While the role of ionising radiation exposure in inducing DNA mutations is undisputed, research in the last decades has uncovered a multitude of other biological effects that contribute to the induction of cancer or other pathologies such as cardiovascular disease [5,6]. Key biological events in response to radiation exposure have been identified at different biological levels: from genes, RNA or proteins, to cells, tissues and organs, and they are interrelated. The challenge for future research is to develop models which correctly aggregate these biological effects to provide clinicians with advanced predictive tools.
The adverse outcome pathways (AOP) approach was designed by the OECD [7,8] to understand the complex health effects of toxic chemical compounds. European radiation and clinical research groups would benefit from the AOP investigation methodology by providing a common framework for scientific and clinical data integration. It would also open the way to future models that could take into account the effects of combined oncological treatments associating chemotherapy with radiation therapy.
The use of ionising radiation in medicine represents a tremendous benefit for the diagnosis and treatment of diseases.
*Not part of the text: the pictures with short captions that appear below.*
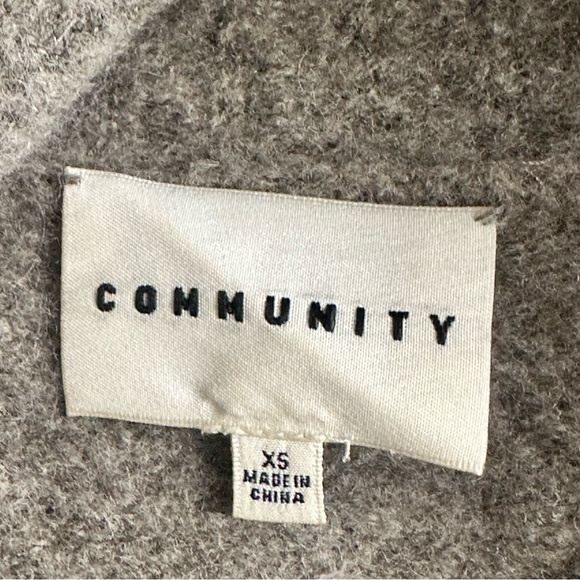 🔴 SOLD Aritzia Community Plutarch Cozy Wool Sweater Cowl Neck Pullover - Picture 4 of 9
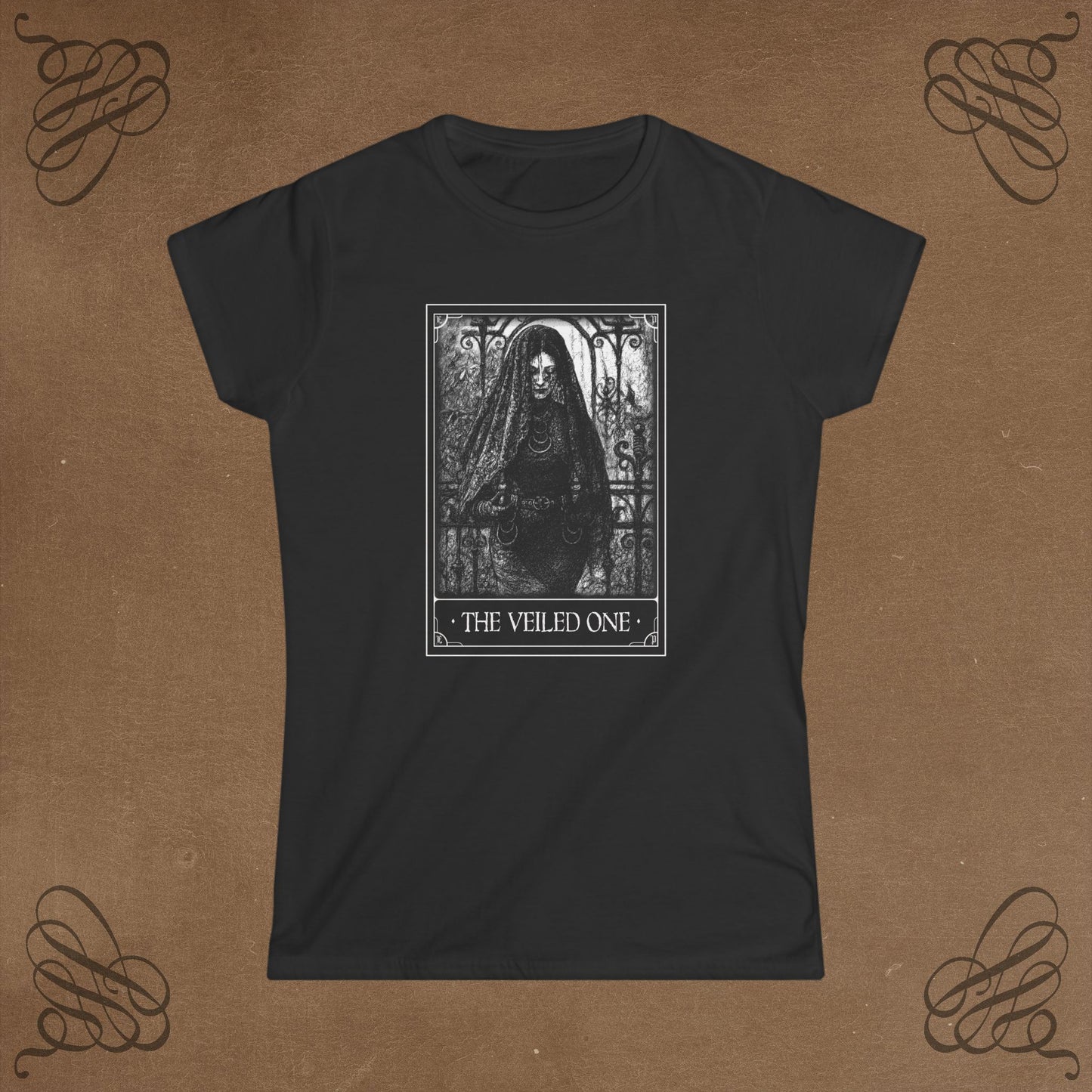 The Veiled One Women's Tee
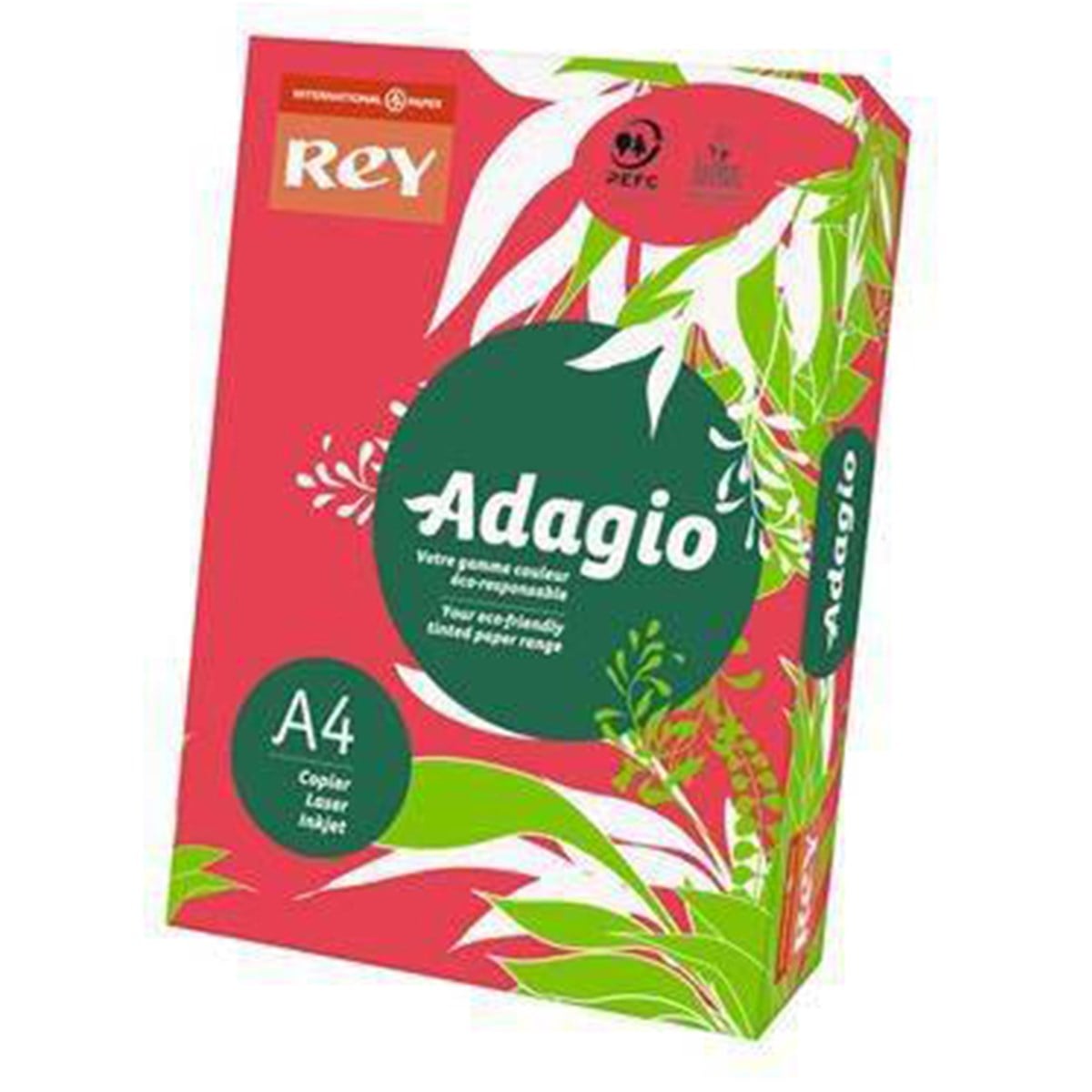 Rey Adagio kırmızı 22 fotoğraf kağıdı A4 80gr 500lü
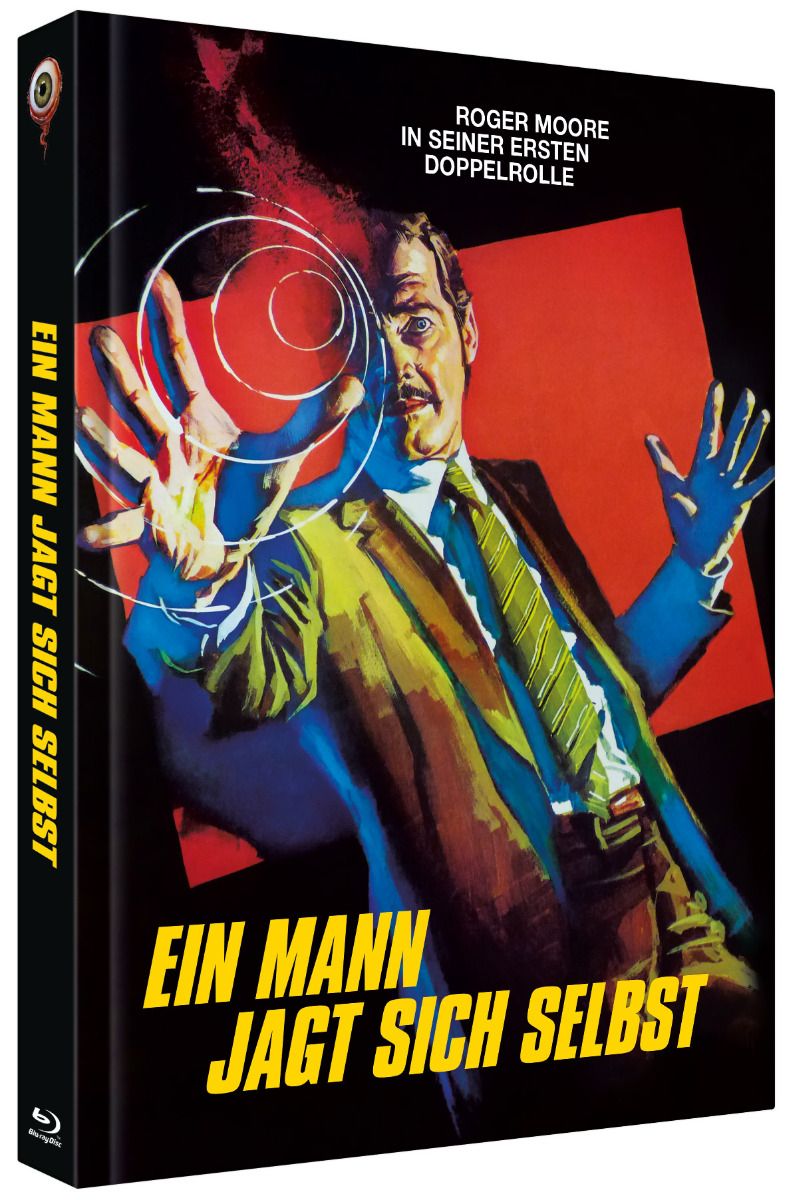 Ein Mann jagt sich selbst - Cover B - Mediabook (Blu-Ray+DVD) - Limited 333 Edition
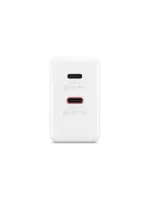 Lenovo Dual USB-C 65W GaN Charger   USB-C   65 W   Charger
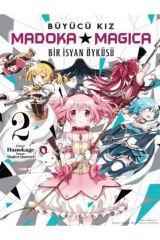 Büyücü Kız Madoka Magica - Bir İsyan Öyküsü Cilt 2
While the benefits to the patient largely outweigh the risks, assessing the long-term adverse effects of radiation exposure is particularly important in cohorts of patients who may live for decades after exposure, particularly children . Large scale clinical epidemiology studies, that follow exposed patients for decades, are essential to identify and quantify the late health effects of medical low, moderate, and high radiation doses and provide the basis for the implementation of high standards for quality and safety of medical radiation applications [10-12]. The success of such studies relies on careful patient follow-up and collection of detailed patient demographic, clinical, and dosimetric data, images and biological samples (through linkage with clinical, radiological, and therapeutic records).
The use of ionising radiation in medicine may present some risk especially in situations that require repeated imaging for diagnostic, planning, or staging purposes and that result in non-negligible exposures, at least in certain body regions. Thus, there is a constant need for optimisation towards improved benefit/risk ratios and individualised procedures. Such optimisation will include the use of new methods and technologies, for better and more reliable diagnosis, the use of new evaluation techniques, such as those based on AI applications as described above, as well as the optimisation of existing procedures in terms of improved benefit/risk ratios on a population basis and for each individual patient. To achieve the latter, it is necessary to investigate the patient exposure in a more accurate and meaningful basis and correlate this information to the required image quality, which needs to be analysed and evaluated for each imaging procedure of each patient.